■ **Dataset entries**:
Content starts
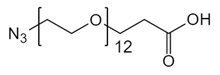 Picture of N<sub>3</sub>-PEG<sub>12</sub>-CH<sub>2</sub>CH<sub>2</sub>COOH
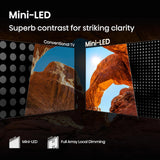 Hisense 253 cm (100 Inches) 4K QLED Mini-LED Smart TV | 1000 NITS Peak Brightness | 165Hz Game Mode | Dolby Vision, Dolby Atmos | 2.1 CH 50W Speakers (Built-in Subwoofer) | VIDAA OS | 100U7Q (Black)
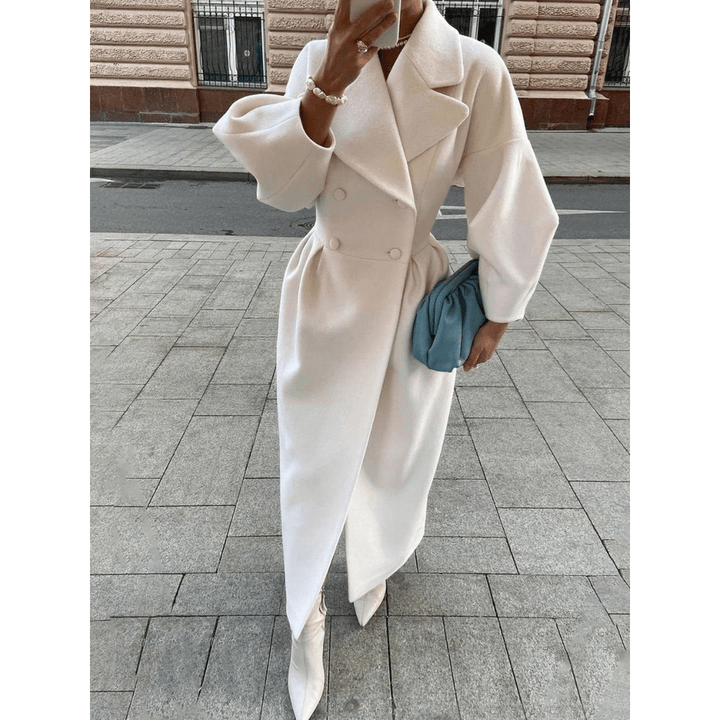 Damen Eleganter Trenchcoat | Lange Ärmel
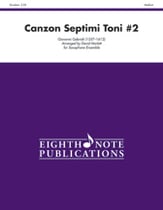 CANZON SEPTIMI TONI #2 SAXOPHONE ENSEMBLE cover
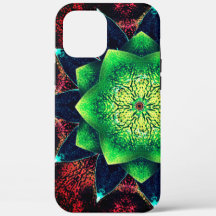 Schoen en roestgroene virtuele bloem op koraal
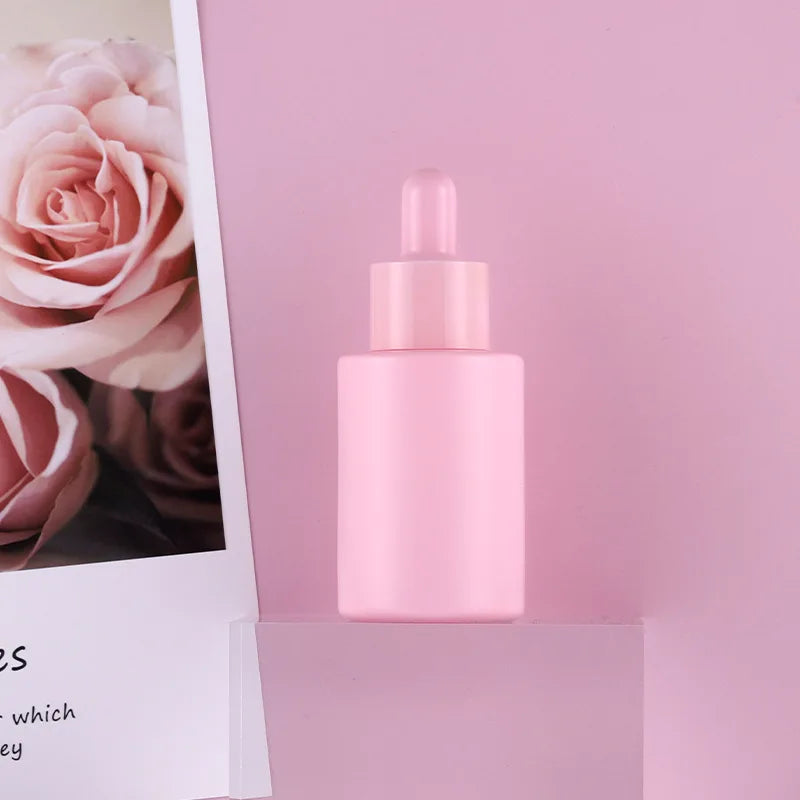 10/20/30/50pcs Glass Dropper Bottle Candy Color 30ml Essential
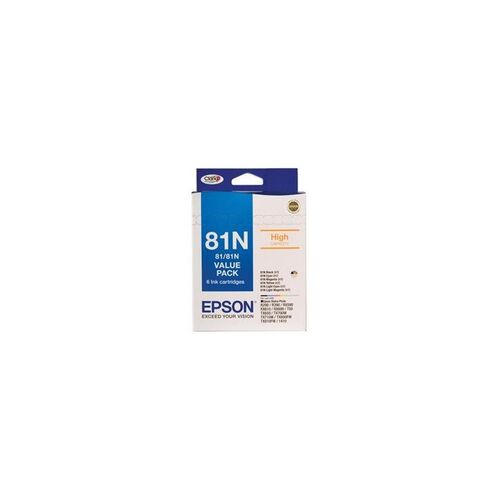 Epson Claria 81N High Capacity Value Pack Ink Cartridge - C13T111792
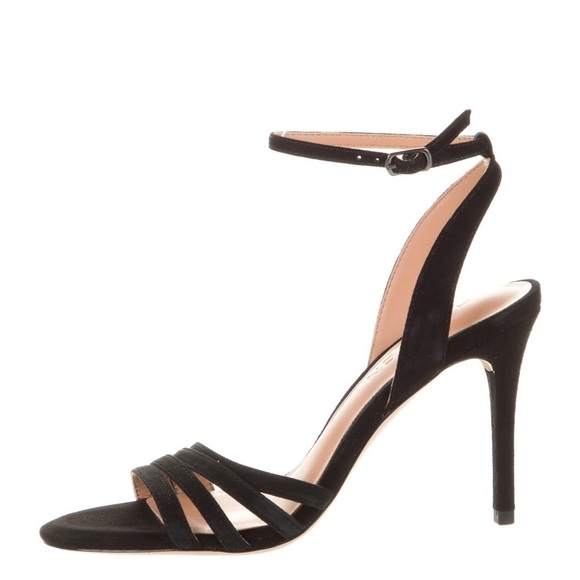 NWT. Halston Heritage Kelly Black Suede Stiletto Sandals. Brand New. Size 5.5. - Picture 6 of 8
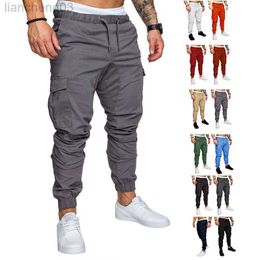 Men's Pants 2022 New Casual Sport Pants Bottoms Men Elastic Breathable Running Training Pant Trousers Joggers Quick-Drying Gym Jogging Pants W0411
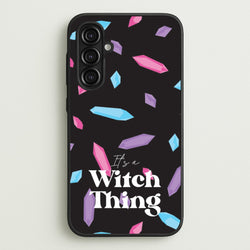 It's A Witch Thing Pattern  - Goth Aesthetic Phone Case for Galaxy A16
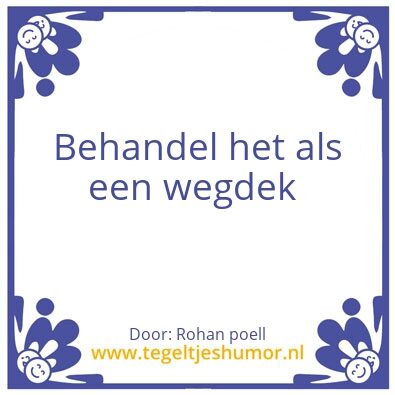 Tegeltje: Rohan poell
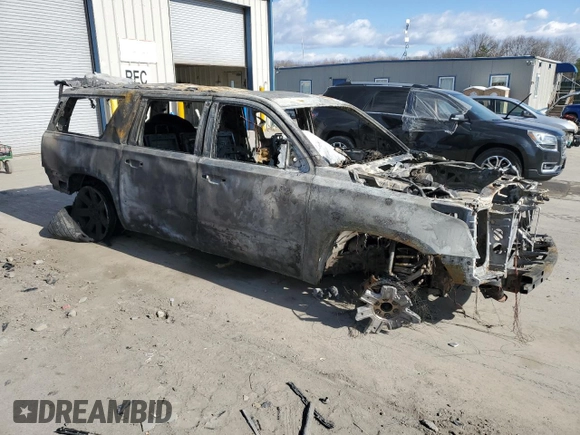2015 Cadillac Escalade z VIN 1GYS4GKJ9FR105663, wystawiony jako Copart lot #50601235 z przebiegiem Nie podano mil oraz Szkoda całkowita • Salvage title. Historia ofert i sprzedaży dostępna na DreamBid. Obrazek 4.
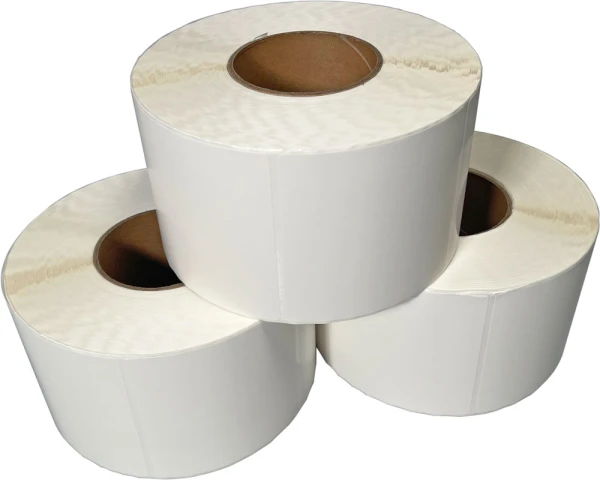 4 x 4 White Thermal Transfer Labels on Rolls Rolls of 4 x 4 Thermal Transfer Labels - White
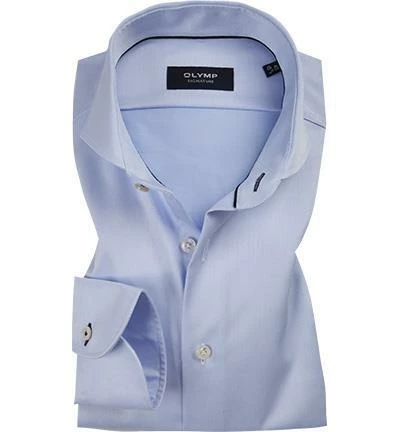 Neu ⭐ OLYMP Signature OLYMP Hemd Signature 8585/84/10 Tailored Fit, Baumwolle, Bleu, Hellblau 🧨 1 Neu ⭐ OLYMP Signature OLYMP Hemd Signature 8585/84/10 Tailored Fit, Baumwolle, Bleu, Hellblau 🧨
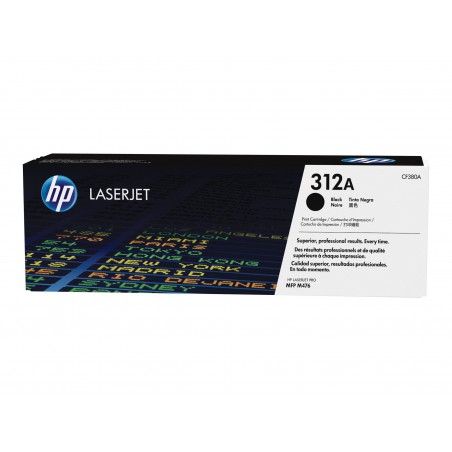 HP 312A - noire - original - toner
Content ends
Content starts
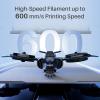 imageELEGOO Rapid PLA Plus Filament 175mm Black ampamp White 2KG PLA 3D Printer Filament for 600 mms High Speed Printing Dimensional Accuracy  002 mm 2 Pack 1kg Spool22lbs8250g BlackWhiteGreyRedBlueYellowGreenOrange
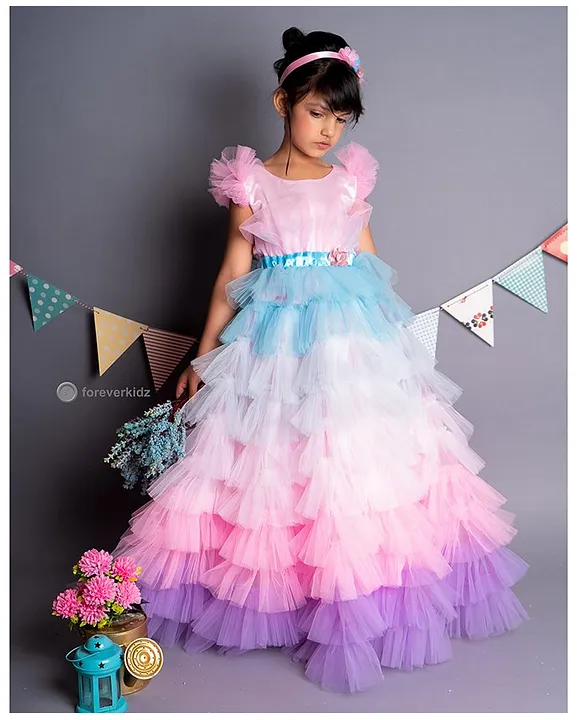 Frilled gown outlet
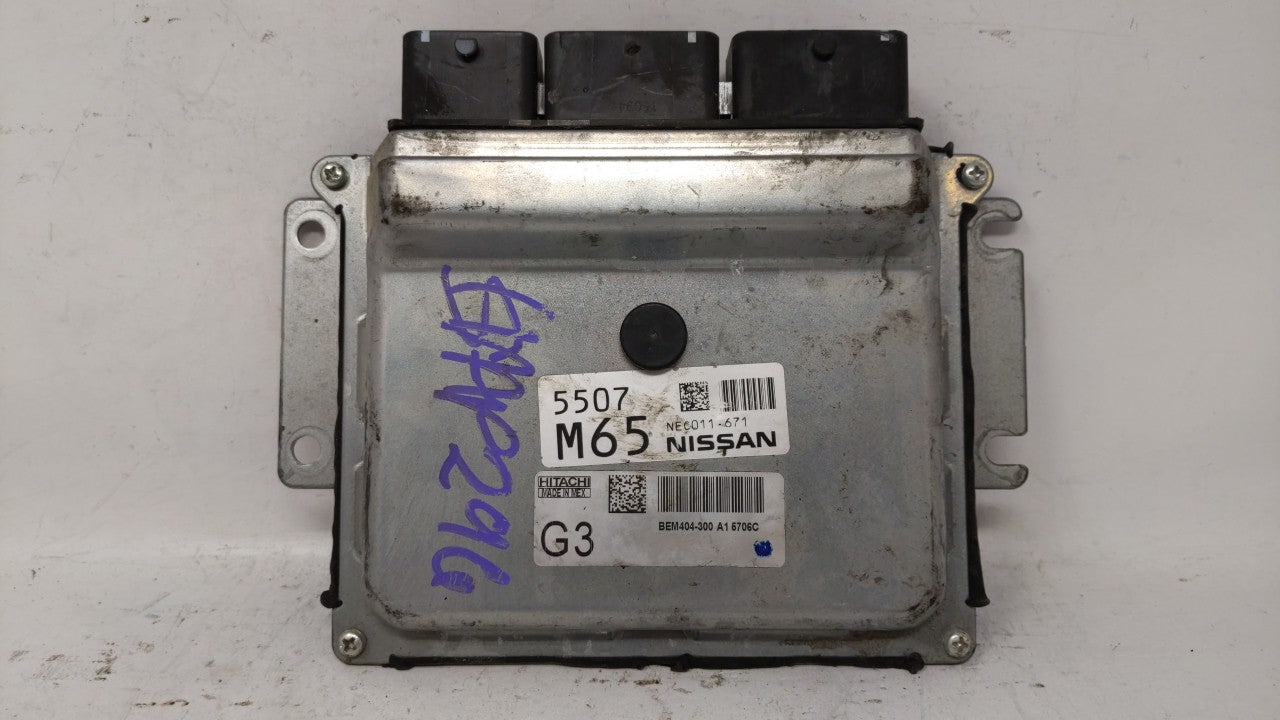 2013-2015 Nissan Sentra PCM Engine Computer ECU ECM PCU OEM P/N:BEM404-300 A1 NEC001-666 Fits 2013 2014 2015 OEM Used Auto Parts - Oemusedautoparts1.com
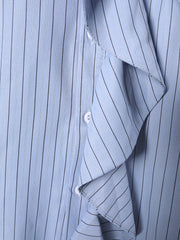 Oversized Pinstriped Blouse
Content ends
■ **Exercise details**: Copy out the listing above from the line containing "2013-2015 Nissan Sentra" to the line containing "Oversized Pinstriped Blouse", both included, exactly as written and minus the images.

■ **Exercise answer**:
 2013-2015 Nissan Sentra PCM Engine Computer ECU ECM PCU OEM P/N:BEM404-300 A1 NEC001-666 Fits 2013 2014 2015 OEM Used Auto Parts - Oemusedautoparts1.com
 Oversized Pinstriped Blouse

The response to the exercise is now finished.